No final dos anos 1960, já ao serviço de “O Século Ilustrado”, surgiu a oportunidade de participar na primeira reportagem realizada ao Convento da Cartuxa, local onde não era permitido entrar, já que os seus habitantes, os monges, viviam em clausura.

“Toda a gente queria vir à Cartuxa, mas não era possível”, conta o histórico fotojornalista à Renascença, mas “tinha um colega que estudou para padre e fez mil e uma diligências para conseguir a reportagem, contactando Espanha, que autorizou, e eu fiquei deslumbrado por poder descobrir um mundo que desconhecia”.

A equipa de Eduardo Gageiro foi recebida pelo prior, o padre Antão Lopez, e desde logo avisada de que não era possível falar com ninguém, a não ser ao fim de semana.

“Quando foi possível falar com os monges, quisemos saber tudo ao máximo e ficámos surpreendidos: como é que em 1970 eles sabiam que o homem tinha ido à Lua, poucos anos antes, se não tinham jornais, nem televisão, nem rádio?”

A estadia no mosteiro prolongou-se por vários dias, tendo sido possível a Gageiro direcionar a sua objetiva para lugares até então nunca vistos. “Fotografei a cozinha, o refeitório, as celas, tudo, tudo, tudo, e estava muito feliz, pois adoro fotografar pessoas e estas eram diferentes, viviam em clausura, com muito pouco, tinham uma cama, um sitio onde rezavam e um quintal”, recorda o fotógrafo.

A reportagem de “O Século Ilustrado” acabou por ser um êxito, deixando gratas memórias ao reconhecido repórter. “Sou fotojornalista há 62 anos, já fiz tanta coisa, estive em mais de 70 países, mas esta foi uma das reportagens que mais me marcou pela originalidade”, admite.

“Não imaginava que havia um convento com estas limitações.
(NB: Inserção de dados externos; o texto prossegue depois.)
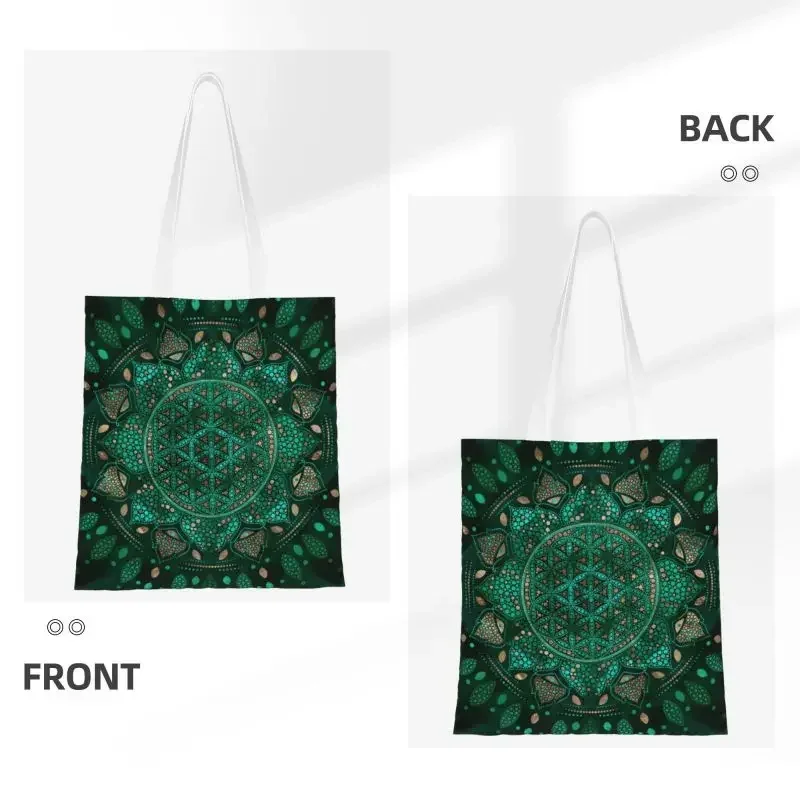 Cute Print Flower Of Life Dot Art Tote Shopping Bags Portable Canvas Shoulder Shopper Mandala Geometric Pattern Handbag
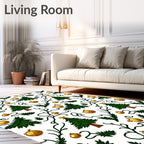 Golden Ornaments Green Christmas Tree Garland Rug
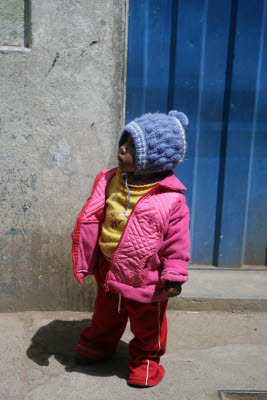 Peruvian kid on the street in Juliaca, Peru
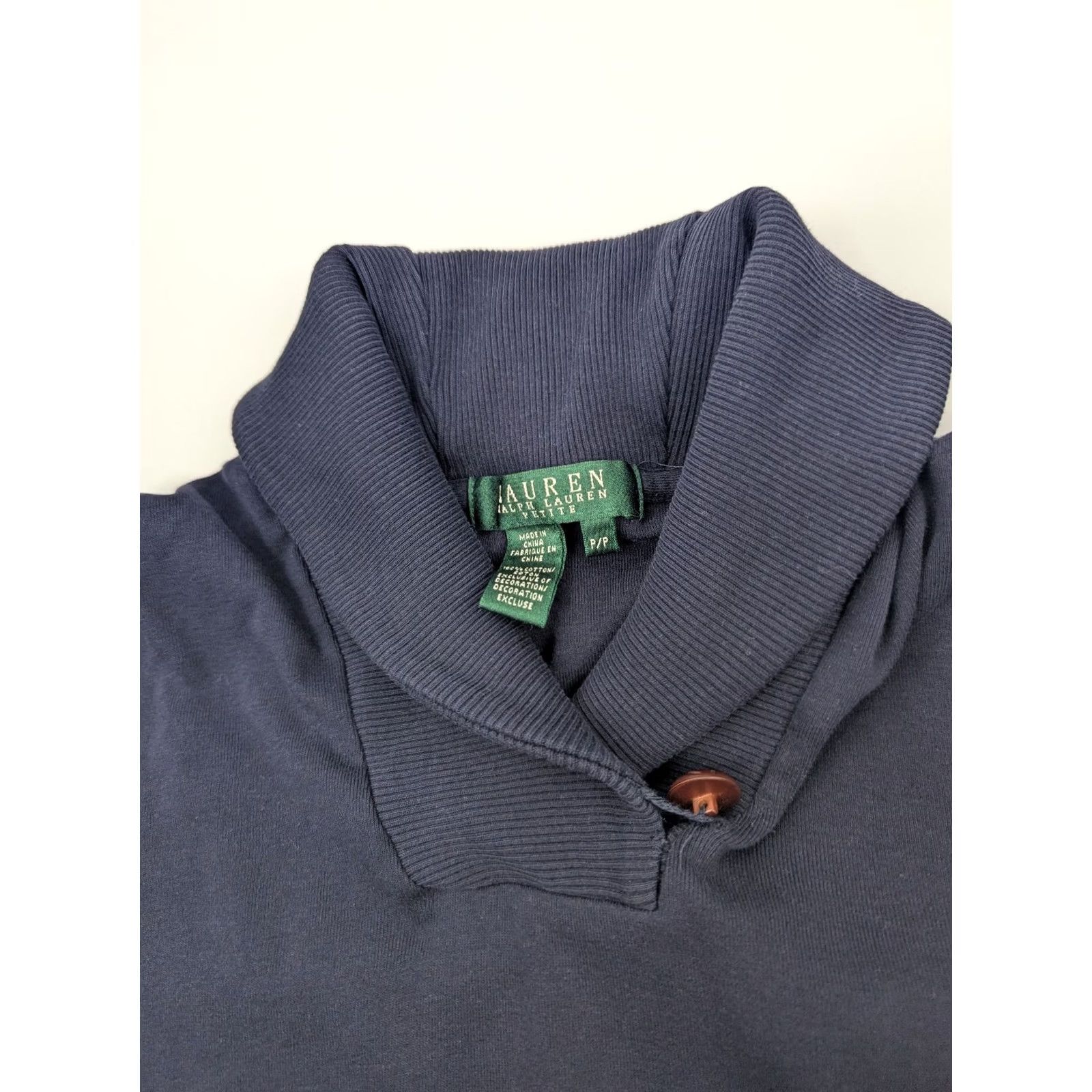 Ralph Lauren VINTAGE? No — Lauren Ralph Lauren Navy Cotton Shawl Collar Toggle Button Sweater Womens P/P Shirt Pullover Knitted Cotton Size XXS / US 00 / IT 34 - 7 Thumbnail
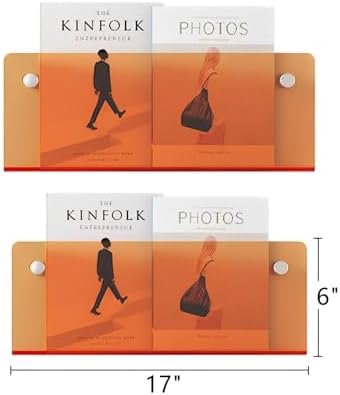 ROYALITA 2-Pack Acrylic Magazine Holder Brochure Holder, Orange 17 Inch - Image 3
Fiquei a admirá-los, mas ao mesmo tempo surpreendido com esta forma de viver”, reconhece Eduardo Gageiro, que se diz “agnóstico”, mas que nada tem contra quem acredita. “Para provar que não tenho nada contra, fiz um livro chamado 'Fé, olhares sobre o sagrado'.”

“As pessoas têm todo o direito de acreditar, não critico e trato-as com profundo respeito, mas fico muito revoltado com o aproveitamento da fé pelos seus líderes, que exploram as pessoas e isso é infame”, lamenta Eduardo Gageiro, que agora vê duas das suas fotos a preto e branco, de 1970, recuperadas na exposição “Saudades dos Cartuxos”, patente no Centro de Arte e Cultura (CAC) da Fundação Eugénio de Almeida (FEA), em Évora.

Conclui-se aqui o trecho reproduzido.